Nos termos desse contrato, Schomberg recebia o posto de marechal de campo do Exército Português e de general das tropas do Alentejo, com uma “ajuda de custo” diária de 2000 cruzados para despesas gerais dele e dos filhos e uma gratificação anual de 12000 cruzados. Um cruzado valeria ao tempo 400 reis e o cruzado novo 480.

Diz o seu biógrafo Glozier que logo que houve conhecimento das conversações para o contrato do Marechal visando a sua participação na organização e emprego do Exército Português, os espanhóis, orientados pelo seu então embaixador em Paris, tentaram a todo o custo que tal se não verificasse, tendo mesmo montado, sem consequências, um atentado contra a sua vida.

 

Mas, quem era Schomberg?

Considerado, segundo o seu biógrafo sul-africano Prof. Matthiew Glozier, “o mais hábil soldado do seu tempo”, Frederick Herman von Schomberg, de família nobre e influente, nasceu em Heidelberg, no Principado do Palatinado (Alemanha), em 6 de Dezembro de 1615, e após ter servido continuamente, durante 57 anos, nos exércitos do seu país, da França, da Suécia, da Inglaterra, de Portugal, da Holanda e do Reino de Bradenburgo, morreu em combate na Batalha de Boyne Water, na Irlanda, então ao serviço da Inglaterra, em 1 de Julho de 1690, portanto com 75 anos. No seu tempo de serviço, em mudança permanente, foi simplesmente combatente, comandante, conselheiro militar e político e, no campo religioso e social, acérrimo defensor do protestantismo (huguenottes), ganhando honras, títulos nobiliárquicos e dinheiro, tornando-se durante a vida proprietário de extensos e valiosos bens tanto na França, segundo país de adopção, como na Alemanha.

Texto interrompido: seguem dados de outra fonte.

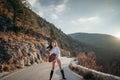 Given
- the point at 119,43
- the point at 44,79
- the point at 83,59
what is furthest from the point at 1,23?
the point at 119,43

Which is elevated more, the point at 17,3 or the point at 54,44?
the point at 17,3

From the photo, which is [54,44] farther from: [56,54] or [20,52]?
[20,52]

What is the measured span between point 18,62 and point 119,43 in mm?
169049

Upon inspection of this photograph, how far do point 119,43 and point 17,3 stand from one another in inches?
6008

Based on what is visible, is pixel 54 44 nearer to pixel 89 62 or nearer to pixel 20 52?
pixel 20 52

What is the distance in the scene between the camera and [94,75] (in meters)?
10.8

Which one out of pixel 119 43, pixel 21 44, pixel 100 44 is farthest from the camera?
pixel 100 44

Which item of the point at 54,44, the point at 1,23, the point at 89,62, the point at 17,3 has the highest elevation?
the point at 17,3

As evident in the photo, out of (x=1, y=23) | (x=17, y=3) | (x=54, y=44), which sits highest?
(x=17, y=3)

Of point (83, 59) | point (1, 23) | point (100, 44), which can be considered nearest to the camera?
point (83, 59)

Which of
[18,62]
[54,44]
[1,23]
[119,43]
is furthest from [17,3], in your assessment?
[119,43]

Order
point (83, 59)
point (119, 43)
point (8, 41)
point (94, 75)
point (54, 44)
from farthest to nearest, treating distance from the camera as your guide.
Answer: point (119, 43) → point (83, 59) → point (8, 41) → point (54, 44) → point (94, 75)

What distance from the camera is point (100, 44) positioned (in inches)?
7844

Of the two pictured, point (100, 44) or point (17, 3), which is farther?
point (100, 44) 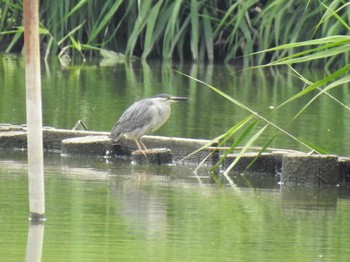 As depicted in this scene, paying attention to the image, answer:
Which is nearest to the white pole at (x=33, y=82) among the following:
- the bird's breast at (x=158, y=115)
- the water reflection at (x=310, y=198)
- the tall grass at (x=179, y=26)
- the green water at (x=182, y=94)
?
the water reflection at (x=310, y=198)

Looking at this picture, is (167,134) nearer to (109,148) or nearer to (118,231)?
(109,148)

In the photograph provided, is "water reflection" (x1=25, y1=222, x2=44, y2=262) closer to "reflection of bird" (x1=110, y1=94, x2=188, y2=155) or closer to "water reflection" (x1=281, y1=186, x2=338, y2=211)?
"water reflection" (x1=281, y1=186, x2=338, y2=211)

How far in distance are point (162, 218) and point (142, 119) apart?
3.39 m

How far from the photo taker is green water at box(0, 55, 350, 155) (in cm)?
1477

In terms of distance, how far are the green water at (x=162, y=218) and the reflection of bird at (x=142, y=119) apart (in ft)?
1.47

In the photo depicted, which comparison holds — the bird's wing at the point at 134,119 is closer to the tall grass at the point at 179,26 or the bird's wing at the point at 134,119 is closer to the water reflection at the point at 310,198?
the water reflection at the point at 310,198

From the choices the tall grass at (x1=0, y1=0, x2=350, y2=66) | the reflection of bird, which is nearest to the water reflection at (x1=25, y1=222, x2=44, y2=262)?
the reflection of bird

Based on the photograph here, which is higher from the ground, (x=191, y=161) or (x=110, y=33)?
(x=110, y=33)

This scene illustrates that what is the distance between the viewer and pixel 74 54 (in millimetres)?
27422

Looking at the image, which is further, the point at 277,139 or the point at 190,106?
the point at 190,106

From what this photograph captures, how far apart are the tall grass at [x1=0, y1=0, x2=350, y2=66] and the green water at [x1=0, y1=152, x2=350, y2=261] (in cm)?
1279

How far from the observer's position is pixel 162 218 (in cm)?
918

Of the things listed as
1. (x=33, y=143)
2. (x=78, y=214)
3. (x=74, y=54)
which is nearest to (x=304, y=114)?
(x=78, y=214)

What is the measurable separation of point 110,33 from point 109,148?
1450 cm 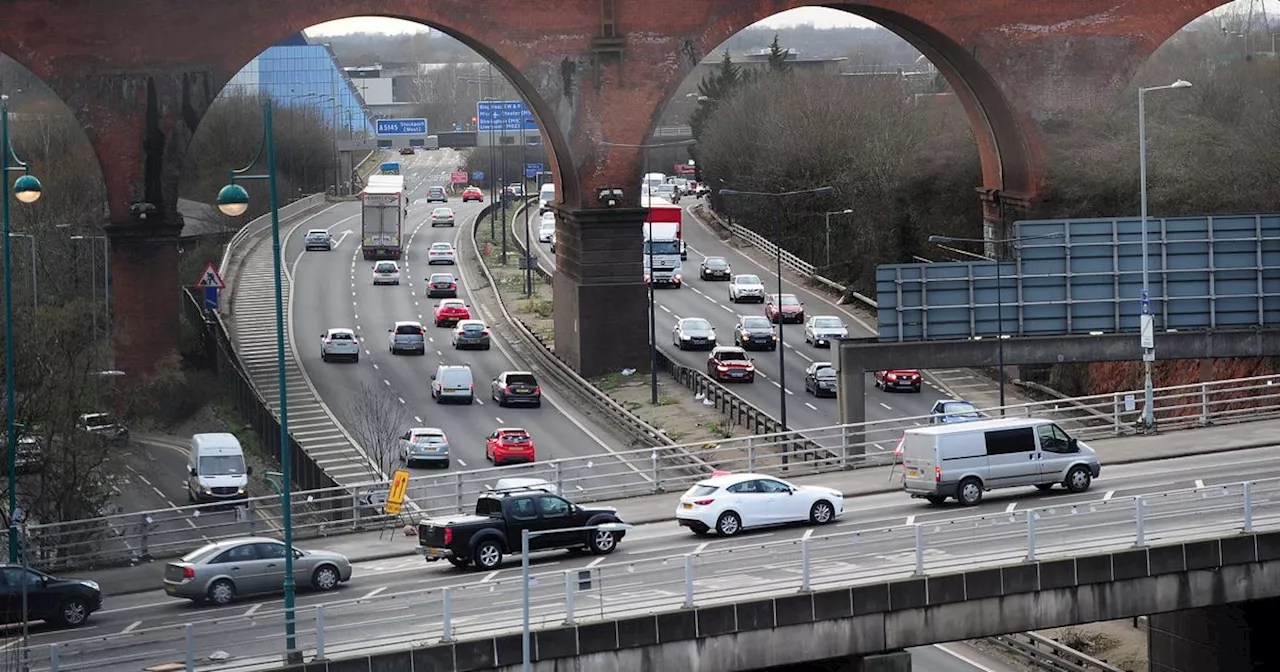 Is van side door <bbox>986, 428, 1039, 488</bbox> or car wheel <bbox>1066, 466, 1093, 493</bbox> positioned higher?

São os seguintes os eventos dominantes da sua biografia:

Em 1633, com 18 anos, torna-se voluntário no Exército Holandês do Príncipe de Orange em luta contra os espanhóis que ocupavam os Países Baixos. No ano seguinte, 1634, faz parte do Exército Sueco ao serviço da Alemanha e em 1635 assume o comando de uma companhia de regimento de cavalaria alemão de Von Rantzau na sua luta contra a França pelo domínio pretendido dos Países Baixos. Em Março de 1637, após alguns pequenos desaires operacionais, abandona o serviço militar e regressa ao seio da família, empenhando-se por todo o ano de 1638 na administração das suas propriedades. Casa-se, então, pela primeira vez.

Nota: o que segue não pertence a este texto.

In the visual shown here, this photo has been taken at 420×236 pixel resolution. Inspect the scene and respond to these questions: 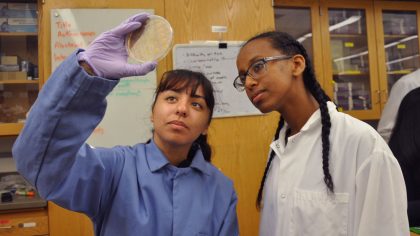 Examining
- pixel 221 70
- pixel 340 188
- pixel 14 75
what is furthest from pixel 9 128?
pixel 340 188

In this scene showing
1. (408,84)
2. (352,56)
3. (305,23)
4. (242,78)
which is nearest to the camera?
(242,78)

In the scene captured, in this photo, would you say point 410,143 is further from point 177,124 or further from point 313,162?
point 177,124

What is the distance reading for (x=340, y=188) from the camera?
906 mm

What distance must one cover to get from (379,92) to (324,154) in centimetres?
225

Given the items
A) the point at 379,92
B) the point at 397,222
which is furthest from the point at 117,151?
the point at 379,92

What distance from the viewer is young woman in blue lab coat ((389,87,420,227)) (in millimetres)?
1853

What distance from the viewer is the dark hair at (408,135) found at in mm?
1854

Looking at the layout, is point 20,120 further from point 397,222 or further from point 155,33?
point 397,222

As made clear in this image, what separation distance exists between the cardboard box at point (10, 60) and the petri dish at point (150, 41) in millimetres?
1889

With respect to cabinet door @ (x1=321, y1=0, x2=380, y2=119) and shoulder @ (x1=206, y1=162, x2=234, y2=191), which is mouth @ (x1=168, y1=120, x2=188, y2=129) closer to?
shoulder @ (x1=206, y1=162, x2=234, y2=191)

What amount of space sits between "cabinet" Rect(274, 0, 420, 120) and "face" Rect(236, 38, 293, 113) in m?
1.79

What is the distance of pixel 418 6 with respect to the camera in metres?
3.02

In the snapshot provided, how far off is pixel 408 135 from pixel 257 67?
4.48 feet

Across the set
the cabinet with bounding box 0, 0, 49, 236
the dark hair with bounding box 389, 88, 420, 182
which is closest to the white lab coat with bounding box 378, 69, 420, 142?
the dark hair with bounding box 389, 88, 420, 182
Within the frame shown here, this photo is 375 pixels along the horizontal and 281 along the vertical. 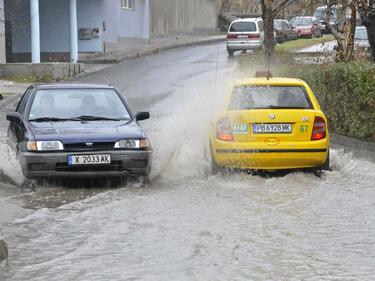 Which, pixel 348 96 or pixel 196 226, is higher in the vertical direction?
pixel 348 96

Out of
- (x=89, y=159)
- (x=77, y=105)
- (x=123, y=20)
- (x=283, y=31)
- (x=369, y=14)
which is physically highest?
(x=123, y=20)

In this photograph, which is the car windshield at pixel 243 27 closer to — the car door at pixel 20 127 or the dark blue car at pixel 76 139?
the car door at pixel 20 127

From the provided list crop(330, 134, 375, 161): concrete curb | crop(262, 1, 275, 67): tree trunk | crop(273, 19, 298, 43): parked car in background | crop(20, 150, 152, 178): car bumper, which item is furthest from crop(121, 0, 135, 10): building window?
crop(20, 150, 152, 178): car bumper

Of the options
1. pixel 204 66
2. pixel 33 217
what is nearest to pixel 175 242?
pixel 33 217

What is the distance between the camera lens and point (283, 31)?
4675 cm

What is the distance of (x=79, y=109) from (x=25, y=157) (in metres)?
1.59

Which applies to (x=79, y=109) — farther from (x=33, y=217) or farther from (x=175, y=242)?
(x=175, y=242)

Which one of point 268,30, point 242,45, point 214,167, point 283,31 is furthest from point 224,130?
point 283,31

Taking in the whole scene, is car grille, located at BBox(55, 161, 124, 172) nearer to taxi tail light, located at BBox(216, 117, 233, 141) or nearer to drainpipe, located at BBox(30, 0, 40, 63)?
taxi tail light, located at BBox(216, 117, 233, 141)

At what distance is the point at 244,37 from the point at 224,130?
96.3 feet

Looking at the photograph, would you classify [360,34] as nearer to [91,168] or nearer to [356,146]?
[356,146]

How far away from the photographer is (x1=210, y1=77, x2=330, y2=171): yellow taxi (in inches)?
423

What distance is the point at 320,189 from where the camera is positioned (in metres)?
10.4

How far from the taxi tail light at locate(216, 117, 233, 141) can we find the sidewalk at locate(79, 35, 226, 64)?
81.4 feet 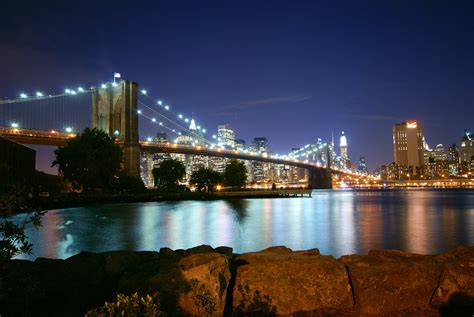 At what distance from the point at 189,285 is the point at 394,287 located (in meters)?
2.92

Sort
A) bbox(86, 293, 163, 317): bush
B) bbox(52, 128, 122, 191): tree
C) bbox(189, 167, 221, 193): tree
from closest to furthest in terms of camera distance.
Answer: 1. bbox(86, 293, 163, 317): bush
2. bbox(52, 128, 122, 191): tree
3. bbox(189, 167, 221, 193): tree

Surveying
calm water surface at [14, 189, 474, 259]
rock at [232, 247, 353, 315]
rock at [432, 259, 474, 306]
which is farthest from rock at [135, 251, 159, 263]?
calm water surface at [14, 189, 474, 259]

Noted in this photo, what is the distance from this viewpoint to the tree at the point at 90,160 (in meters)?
53.8

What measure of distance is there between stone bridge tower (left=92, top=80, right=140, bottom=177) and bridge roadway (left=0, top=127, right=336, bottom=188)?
18.7 feet

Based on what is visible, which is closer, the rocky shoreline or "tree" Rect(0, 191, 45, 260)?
"tree" Rect(0, 191, 45, 260)

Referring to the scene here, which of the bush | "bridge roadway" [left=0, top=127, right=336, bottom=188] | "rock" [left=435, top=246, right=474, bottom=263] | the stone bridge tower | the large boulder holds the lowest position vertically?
the large boulder

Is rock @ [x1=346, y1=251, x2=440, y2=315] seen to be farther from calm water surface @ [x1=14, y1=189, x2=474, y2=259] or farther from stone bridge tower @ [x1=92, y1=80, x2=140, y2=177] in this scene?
stone bridge tower @ [x1=92, y1=80, x2=140, y2=177]

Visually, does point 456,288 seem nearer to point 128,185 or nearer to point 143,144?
point 128,185

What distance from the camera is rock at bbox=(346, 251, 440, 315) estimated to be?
5766 mm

Em 1639 reentra ao serviço do Príncipe de Orange como tenente de um regimento de arcabuzeiros alemão para, em 1645, passar ao serviço do Príncipe de Tarente, também na Holanda. Em 1650 toma parte em golpe de estado contra Guilherme de Orange, que falhou e, em consequência, foi expulso dos Países Baixos. Passa, então, para a França, torna-se auxiliar do cardeal Mazarino, primeiro ministro de Luís XIV, e, em 28 de Outubro de 1652, é promovido a capitão no regimento de mosqueteiros do cardeal e, logo a seguir, nomeado marechal de campo do Exército Francês. Toma então parte, do lado francês, nas lutas verificadas entre franceses e alemães e, em 16 de Julho de 1655, é promovido a tenente-general. Nas lutas que a seguir se travam entre o Exército Francês e Espanhol, este comandado por D. João de Áustria, pela posse de territórios espanhóis na Flandres, toma parte no cerco da praça de Valencienne, onde seu filho Otto é morto e, logo a seguir, cercado por 12000 espanhóis em Saint Guislain, é forçado a render-se ao general espanhol.

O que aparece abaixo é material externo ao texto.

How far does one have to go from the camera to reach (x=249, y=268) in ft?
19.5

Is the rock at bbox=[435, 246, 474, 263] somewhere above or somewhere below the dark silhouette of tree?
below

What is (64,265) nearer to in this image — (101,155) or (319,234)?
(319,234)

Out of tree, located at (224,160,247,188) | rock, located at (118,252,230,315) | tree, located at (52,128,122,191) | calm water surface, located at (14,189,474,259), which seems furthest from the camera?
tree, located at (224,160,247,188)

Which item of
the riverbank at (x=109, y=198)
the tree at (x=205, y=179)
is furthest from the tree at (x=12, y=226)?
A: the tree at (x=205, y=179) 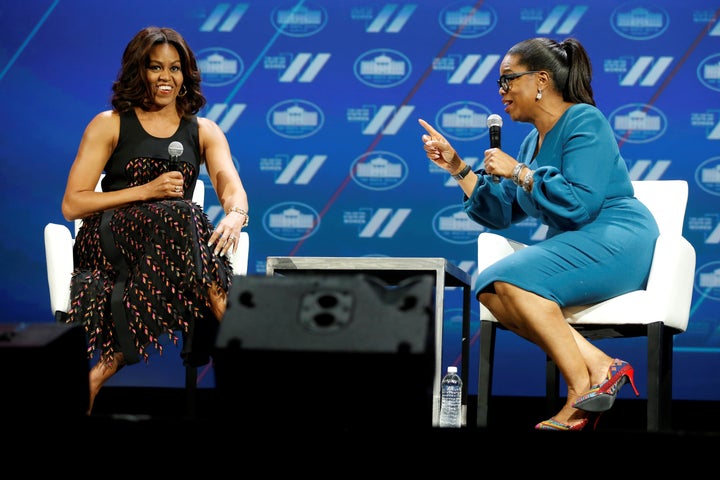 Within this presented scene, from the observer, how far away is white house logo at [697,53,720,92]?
4445 mm

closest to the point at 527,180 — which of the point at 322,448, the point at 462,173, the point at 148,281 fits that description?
the point at 462,173

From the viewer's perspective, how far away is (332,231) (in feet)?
15.0

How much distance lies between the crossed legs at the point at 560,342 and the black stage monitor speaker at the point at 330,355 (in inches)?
40.3

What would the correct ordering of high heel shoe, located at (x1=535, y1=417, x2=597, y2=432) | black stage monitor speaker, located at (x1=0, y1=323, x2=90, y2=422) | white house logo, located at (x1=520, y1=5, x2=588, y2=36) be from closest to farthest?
black stage monitor speaker, located at (x1=0, y1=323, x2=90, y2=422), high heel shoe, located at (x1=535, y1=417, x2=597, y2=432), white house logo, located at (x1=520, y1=5, x2=588, y2=36)

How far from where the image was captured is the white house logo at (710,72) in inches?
175

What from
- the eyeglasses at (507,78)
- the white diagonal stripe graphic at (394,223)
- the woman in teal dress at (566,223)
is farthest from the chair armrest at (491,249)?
the white diagonal stripe graphic at (394,223)

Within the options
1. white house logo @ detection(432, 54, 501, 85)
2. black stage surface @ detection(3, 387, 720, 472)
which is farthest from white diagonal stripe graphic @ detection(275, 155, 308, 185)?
black stage surface @ detection(3, 387, 720, 472)

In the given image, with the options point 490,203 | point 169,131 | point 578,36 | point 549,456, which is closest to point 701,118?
point 578,36

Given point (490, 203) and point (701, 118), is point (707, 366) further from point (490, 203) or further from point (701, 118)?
point (490, 203)

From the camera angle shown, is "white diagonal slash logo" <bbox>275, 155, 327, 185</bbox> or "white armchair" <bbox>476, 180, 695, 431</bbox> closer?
"white armchair" <bbox>476, 180, 695, 431</bbox>

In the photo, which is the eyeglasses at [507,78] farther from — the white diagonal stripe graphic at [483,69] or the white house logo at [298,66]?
the white house logo at [298,66]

Terminadas, pelo Tratado dos Pirinéus de 7 de Novembro de 1659, as operações e a guerra entre a França e a Espanha, vão então ter lugar, com o apoio do Marechal Turenne e, como se afirmou, com a aprovação calada de Luís XIV, as conversações para a contratação de Schomberg para o serviço do Exército Português.

 

A Guerra até à vinda do Marechal

Quando D. João IV subiu ao trono, em Dezembro de 1640, era praticamente nulo o potencial militar do Reino para se opor à esperada e anunciada tentativa dos espanhóis de retomarem o trono. Existia então apenas de positivo, como refere o general João de Almeida, a “organização das Ordenanças que vinha de D. Sebastião”. Não havia armas, não eram conhecidas as novas táticas permitidas pelo desenvolvimento do armamento já em curso no resto da Europa e não havia chefes nem comandantes capazes. A agravar a situação, o inconveniente principal, não havia dinheiro nos cofres do Estado.

Utilizando bens próprios, entre os quais os do Ducado de Bragança que eram, diga-se, avultados, o Rei restabeleceu a organização dos Terços de 1570 e criou um Conselho de Guerra Permanente, uma Junta de Defesa das Fronteiras, os altos cargos de tenente-general de Cavalaria, de tenente-general de Artilharia e de governador das armas, este, um para cada província. Complementarmente, criou capitanias, tendo à frente um capitão-mor, repôs o sistema de recrutamento de “levas” com serviço militar obrigatório dos 16 aos 60 anos, mas com isenção dos lavradores e dos filhos das viúvas que com elas coabitassem. Surge, assim, o primeiro Exército Permanente de Portugal com terços regulares e auxiliares, sendo os oficiais nomeados entre os nobres e entre os graduados que mais se distinguissem, e assiste-se por todo o Reino à reparação de castelos e fortalezas, à fundação de coudelarias e de fábricas e oficinas de material de guerra.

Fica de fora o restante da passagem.